Once we detect the posts emanating from bots, we can further examine their content. In particular, we use a frequency counts approach to measure the number of times that each website is cited in the bots’ tweets. Specifically, we retrieve all URLs from these tweets and map them to a common form such that ‘www.foxnews.com’, ‘media2.foxnews.com’ or ‘radio.foxnews.com’ are all counted as foxnews. Then, we examine the political leanings of the websites by cross-referencing them with sources for bias ratings. We accomplish this in the same manner as in the recent work of Huszár et al. (2022), which used two sources for bias ratings: AllSides (https://www.allsides.com/media-bias/ratings) and Ad Fontes (https://adfontesmedia.com/interactive-media-bias-chart). In line with their work, we do not claim that either source provides objectively better ratings (Huszár et al., 2022), hence we report both. If a website is rated by neither source, then we access it to read its content and evaluate it manually; such evaluations are disclosed explicitly.

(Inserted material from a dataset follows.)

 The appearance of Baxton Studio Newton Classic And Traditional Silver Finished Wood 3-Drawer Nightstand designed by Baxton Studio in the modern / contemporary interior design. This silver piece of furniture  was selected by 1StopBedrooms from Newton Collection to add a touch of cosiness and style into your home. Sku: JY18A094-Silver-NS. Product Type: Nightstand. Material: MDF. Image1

In addition to sources, we examined themes. In line with the typical computational approach used in similar studies on Twitter (Jelodar et al., 2019; Ostrowski, 2015; Negara, Triadi & Andryani, 2019), we use Latent Dirichlet allocation (LDA) to extract topics. To allow for fine-grained comparison, we perform the extraction on every day of the data collection and separate themes of human posts from bots.

Results

The size of the dataset after preprocessing is provided in the first subsection. For transparency and replicability of research, tweets are available at https://osf.io/3nsf8/; they are organized by key actors and labeled with the sentiment expressed or whether they originate from a bot.

Preprocessing

In Twitter research, pre-processing often leads to removing most of the data. For example, our previous research on Twitter regarding the Supreme Court (Sandhu et al., 2019) discarded 87−89% of the data, while our examination of Twitter and obesity discarded 73% of the data (Sandhu, Giabbanelli & Mago, 2019). The reason is that pre-processing has historically involved a series of filters (e.g., removing words that are not deemed informative in English, removing hashtags and emojis), which were necessary as the analysis model could not satisfactorily cope with raw data. In contrast, BERT can directly take tweets as input. Our pre-processing thus only eliminated non-English tweets and tweets with no substantive information that consisted of only hyperlinks. As a result, most of the data is preserved for analysis: we kept 11,007,403 of the original 13,568,750 tweets (Table 7).

Table 7:
Distribution of tweets.
Date Tweets collected Proportion remaining (%)
6 October 2019 1,877,693 95.3
17 October 2019 1,830,552 93.4
14 November 2019 1,828,402 92.5
5 December 2019 1,855,771 94.6
19 December 2019 1,998,802 97.9
21 January 2020 3,230,843 96.1
DOI: 10.7717/peerj-cs.947/table-7

Sentiment analysis

Analyses shows significant negative sentiment for all key actors (Fig. 1). As expected, when referred to by their nicknames, tweets about the actors were almost unanimously negative. Of the four key actors, Adam Schiff has the most polarizing results, with the highest proportion of positive tweets (9.20%) and the second highest proportion of negative tweets (74.10%). This matches observations during the trial, suggesting that Republicans strongly disliked Schiff for his leading role in the Impeachment Trial, while Democrats supported his efforts. Although the proportions of sentiments expressed vary over time (Fig. 2), we note that negative sentiments dominate on every one of the six dates for data sampling.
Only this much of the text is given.